Sotheby's expects to fetch £1.8 million sterling for the batch of Irish paintings which includes important works by Sir William Orpen, Jack B. Yeats and Louis Le Brocquy.
The decision to dispose of one of the finest privately owned art collections in Ireland follows the takeover of the Jefferson Smurfit Group by the American venture capital firm, Madison Dearborn, which is set to sell off all the company's non-essential assets.
The paintings were assembled since the mid-1980s by Dr Smurfit and some of the best of them were hung in his home as well as in the K Club in Co Kildare. Dr Smurfit is taking direct control over the sale of the paintings, which will be sold on a staggered release to avoid flooding the London and Dublin markets. For instance, the Yeats painting going to Sotheby's - A Daughter of the Circus - is by no means the best in the collection. Dr Smurfit also owns Harvest Moon, an exceptionally fine late painting by Yeats which was bought through Adams in Dublin in 1989 for a record £280,000 and is now estimated to be worth at least €1 million.

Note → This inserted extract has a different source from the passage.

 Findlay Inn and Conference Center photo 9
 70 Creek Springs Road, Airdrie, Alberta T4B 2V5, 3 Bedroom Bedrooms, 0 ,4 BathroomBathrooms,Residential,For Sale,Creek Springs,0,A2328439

The decision to hold back some of the more expensive paintings was apparently dictated by a nervousness in the London art market in recent months. A poor opening to the auction season in May would have a knock-on effect on the values of other paintings by the leading Irish artists.
There is disappointment among Irish auction houses that the first paintings - and probably the best of the rest - are to be sold in London rather in Dublin. One of the major players in the market expressed surprise last night that the first of the paintings were being sold through London since prices in Dublin were at least as strong, if not higher than those achieved at last spring's London Irish art sales.
Dr Smurfit had become one of the most astute buyers of Irish art and managed to corner some of the best examples of work by Orpen, Yeats, Lavery and Walter Osborne. The most valuable painting among the first 10 to be sold is Orpen's portrait of Mrs St George, which is expected to make up to £700,000 sterling.
Sotheby's specialist handling the sale, Ms Jo Doidge-Harrison, has been working closely with Dr Smurfit and Madison Dearborn to select paintings for the sale and has examined most of the 500 works in the collection.
"I would say it is magnificent in terms of the scope and the range. He has a lot of really key pictures from artists from their best periods," she said.
Sotheby's reckons that the next most important private collection of Irish art in Ireland is held by one of the owners of the Merrion Hotel, Mr Lochlann Quinn.